Henry Pitt, her longtime landlord asks her to help a fellow neighbor find evidence that his grandfather served in the military during the Second World War. With such proof, the man can be decently buried, courtesy of the U.S. government. It seems such a simple thing, but with Kinsey, it rarely is. Before long she finds herself entangled with an eccentric and quarrelsome family as well as a long lost buddy who has turned up just in time to get himself beaten up in a robbery attempt of the alleged veteran's apartment. It seems there is a reason the Armed Services have no record of the dead man's service. Kinsey sets out to determine what he might have been doing instead of fighting against the Japanese and why someone might think his shabby apartment worth a burgle.
Typical of the series, the mystery is not the central point of the story, but rather a starting point for Kinsey to become embroiled in a suspenseful (and delightful) search-and-rescue operation, usually against her better judgement. In this case, a gun-toting, arthritic octogenarian and revelations of the inner workings of bargain-rate motels are all part of the adventure.
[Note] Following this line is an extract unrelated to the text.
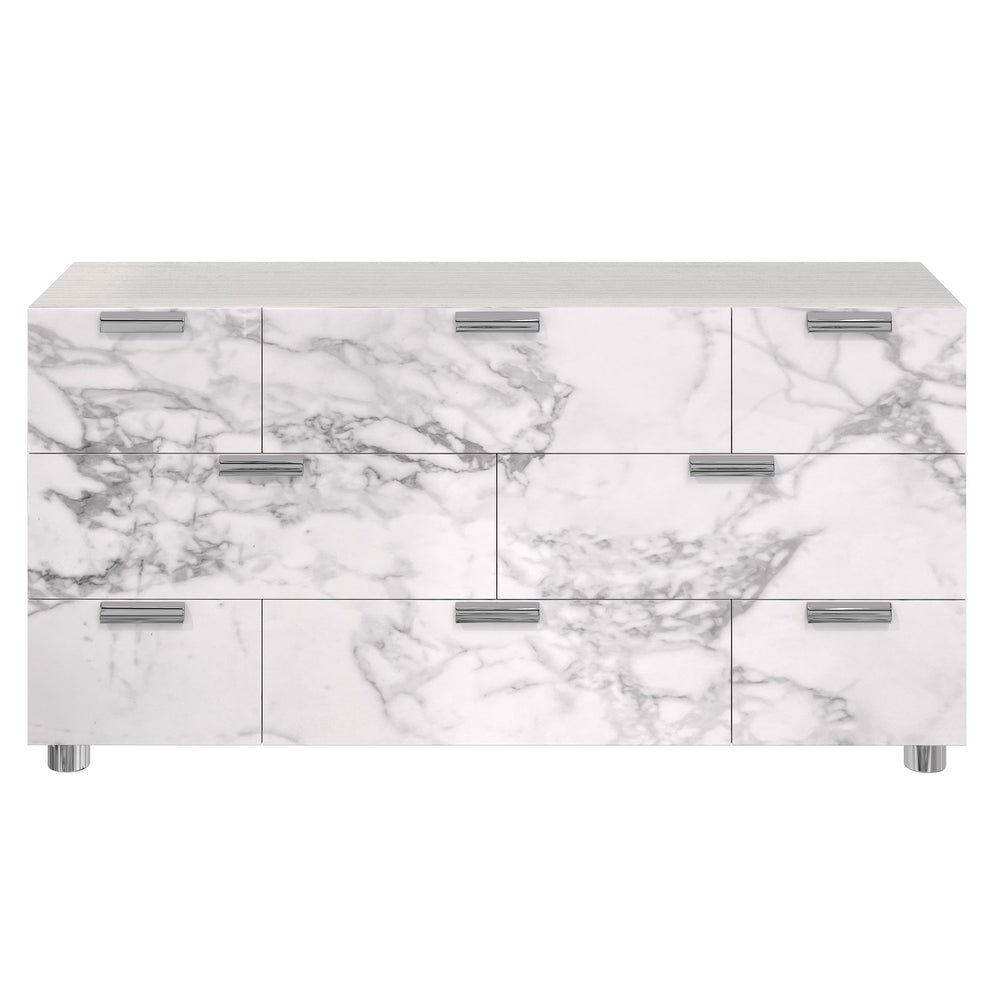 Bernhardt Bernhardt Stratum Dresser With Arabescato Stone Fronts, 8 Soft‑Close Drawers, Mist Wood Case, Polished Nickel Accents 325050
This is an easy and enjoyable read, and a solid addition to Grafton's string of alphabetical hits. --K.A. Crouch
From Publishers Weekly
Bemused, beleaguered and begrimed, Southern California's premier PI, Kinsey Millhone leaves her hometown of Santa Teresa in an adventure (her 12th in the alphabet series) that begins straightforwardly enough but quickly twists into a knotted string of untruths. While getting ready for the Thanksgiving Day wedding between a local tavern keeper and the elder brother of her landlord, Kinsey agrees to help the family of recently deceased neighborhood WWII vet, Johnnie Lee, find out why the military has no record of his service. Soon after Kinsey has finished looking (fruitlessly) through his papers, Lee's rooms are burgled, and Ray Rawson, who claims he is an old friend recently arrived in Santa Teresa unaware of Lee's death, is beaten up. Kinsey soon finds herself on a plane bound for Florida, in possession of only the clothes she's wearing and her purse( with an extra toothbrush), trailing a young pregnant woman in possession of a duffel bag spirited from Lee's home. On a stopover in Dallas/Fort Worth, Kinsey sleuths disguised as a hotel maid dusting baseboards ("tough to picture the boy detectives doing this," she reflects), meets the increasingly unreliable Rawson again and encounters yet another figure from Lee's past, a violent, vengeful psychopath. While gradually sorting out the connections among this cast, Kinsey travels to Louisville, where Rawson's 80-something mother proves her mettle and Kinsey, determining that lawless, in this case, is neither adjective nor collective noun, unravels a decades-old mystery. 750,000 first printing; Literary Guild, Mystery Guild and Doubleday Book Club selections; author tour.